But it was still a day well worth while. On the ride down, my daughter read through the sample ballot I brought her from the election board. She read through all the state questions and peppered me with questions. We talked about the judicial selection process, the rainy day fund, and sharia law. Along the route I pointed out the TV towers, and we talked about how television signals get from the networks to the local studios to the local stations towers to the cable company to the TV set (and why the Weather Channel doesn't need a tower at all). I pointed out the KTUL tower, still one of the 100 tallest freestanding structures in the world.

At HQ, while waiting for other volunteers to arrive, we heard about the frequent sign vandalism that has plagued the Thompson campaign. Boren's supporters are showing indications of feeling threatened.

(Ever notice how it's always the insurgent, grassroots candidates' signs that get stolen, while the establishment candidates' signs stay put. By the way, someone stole a John Eagleton sign and a Molly McKay sign out of my front yard Thursday night, even though they were well back from the street. A couple of days earlier, I had found that same Eagleton sign flat on the ground.)

I was happy to learn that our efforts were coordinated with the state Republican GOTV effort. We had a "slate card" -- all GOP nominees for the precinct on a door hanger -- and a push card for Charles Thompson, and we had the state party's list of voters to target.

My daughter and I were originally given a sprawling (10 sq mi) suburban precinct to cover. I opted instead for a compact precinct in town, where distances were shorter and the street layout was somewhat Cartesian. Somewhat.

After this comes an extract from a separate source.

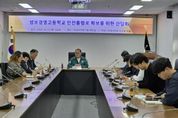 성남시의회 이군수 의원, 성보경영고 안전통학로 확보 공사 점검 실시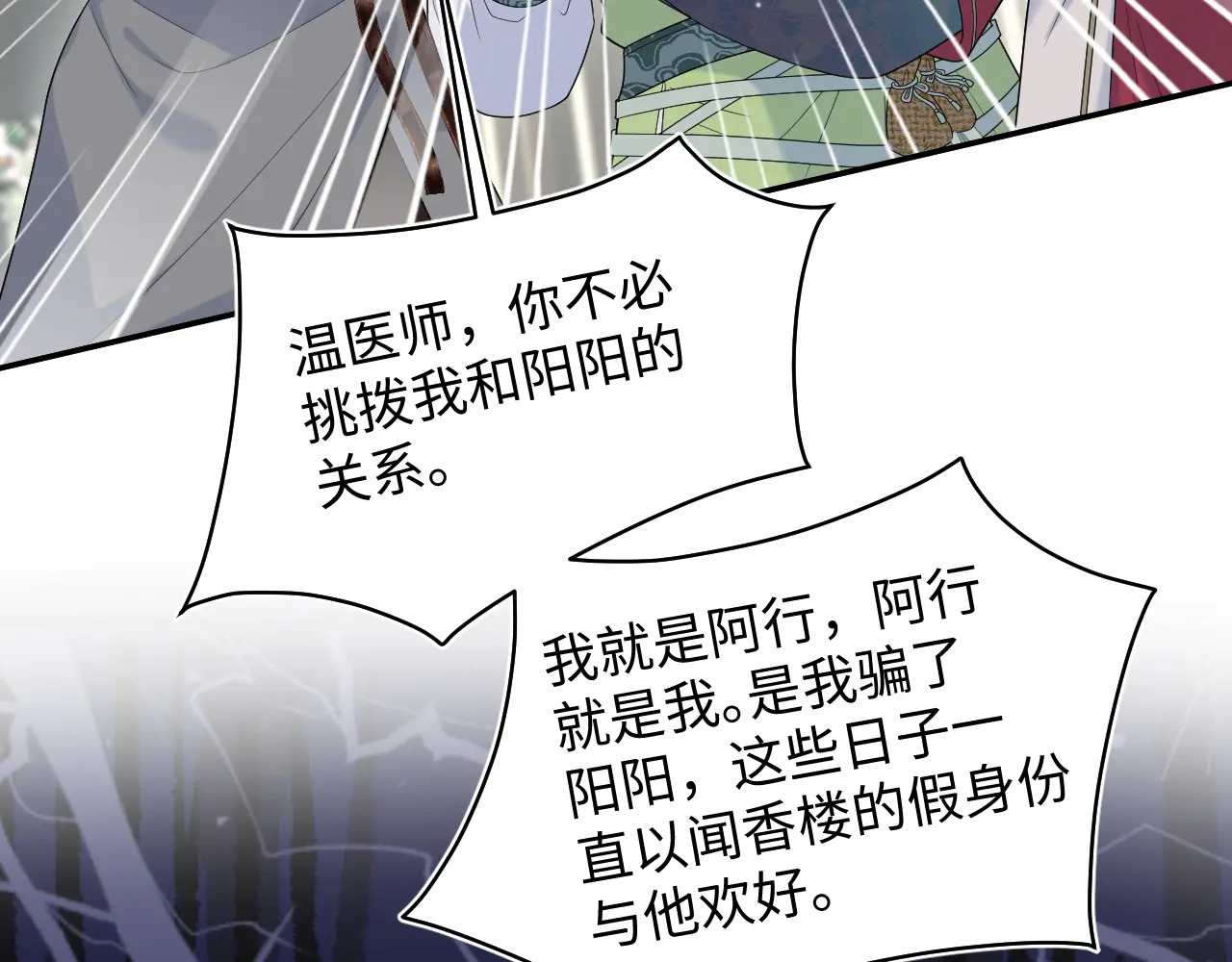 505 第68页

We began by parking and walking two or three blocks in each direction to cover nearby homes. That became irksome to my little girl, whose legs are much shorter and slower than mine. Also, the three pieces of pizza and Pepsi were not sitting well. After a pitstop, we changed methods. I would drive and hop out of the car to deliver flyers; she would mark up the list of houses to visit, advise me of the next place to stop, and hand me the flyers. It sped us up considerably; still, it took us about 4 hours (not counting the break) to cover about 100 households. It would have been quicker if I had known the neighborhood. (I certainly know it now!)

Here's what I learned about navigating the streets of Muskogee.

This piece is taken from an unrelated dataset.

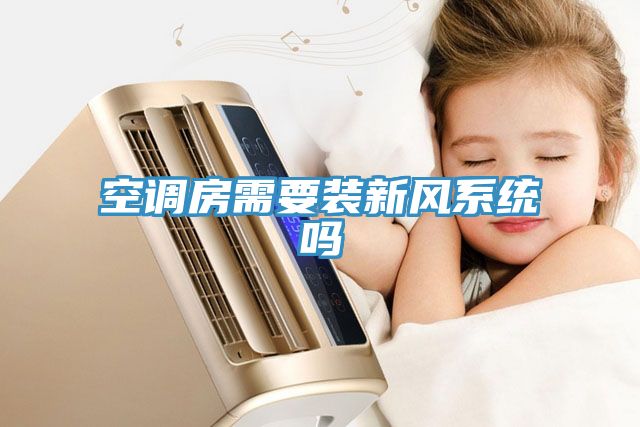 空調房需要裝新風系統嗎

  • Given a house with number n, the house next door may have house number n+2, n+20, or any value in between.
  • Given a house with number n, the house directly across the street may have house number n+1, n+101, or any value in between.
  • In other words, two house numbers that are numerically near-neighbors may be quite distant.
  • House numbers on a street are not guaranteed to increase or decrease monotonically with a given direction of travel.

And regarding the display of house numbers: Folks, do you want to die while the ambulance driver tries to figure out which house is yours? The house number ought to be prominently near the door of your house, on your curb, and on your mailbox if you have one.

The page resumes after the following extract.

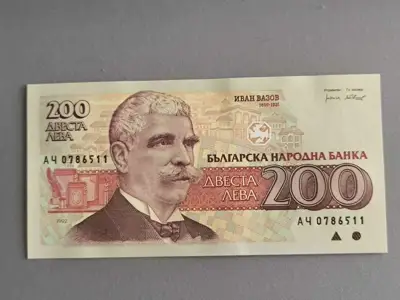 Снимка за обява „Банкнота - България - 200 лева UNC | 1992г."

Also, if you care about political candidates and really want to help them campaign effectively, you will UPDATE YOUR VOTER REGISTRATION WITH YOUR CURRENT ADDRESS. Do you want your favorite candidate's volunteers dodging chained pitbulls and risking an ankle to the so-called "steps" -- the wood rot and carpenter ant damage has only left rungs, really -- to try to deliver to you a reminder to vote at the house where you haven't lived for 10 years and which has since passed through the hands of a series of rental owners with decreasing standards for upkeep and tenants and at which no likely voter lives because everyone in the house has a rap sheet as long as your arm? Do you, bub?

I generally left literature at the door, without knocking, but if someone had the front door open or was out in the yard, I'd stop to talk. We and our cause were well received. No one greeted me rudely. Many people volunteered that they had already planned to vote for Thompson and a straight ticket. They want Pelosi and posse gone, and they understand that getting rid of Dan Boren gets us one step closer to that goal. At one home, I was speaking to the lady of the house, when the husband came out. "I just wanted to make sure you wasn't no dam Democrat."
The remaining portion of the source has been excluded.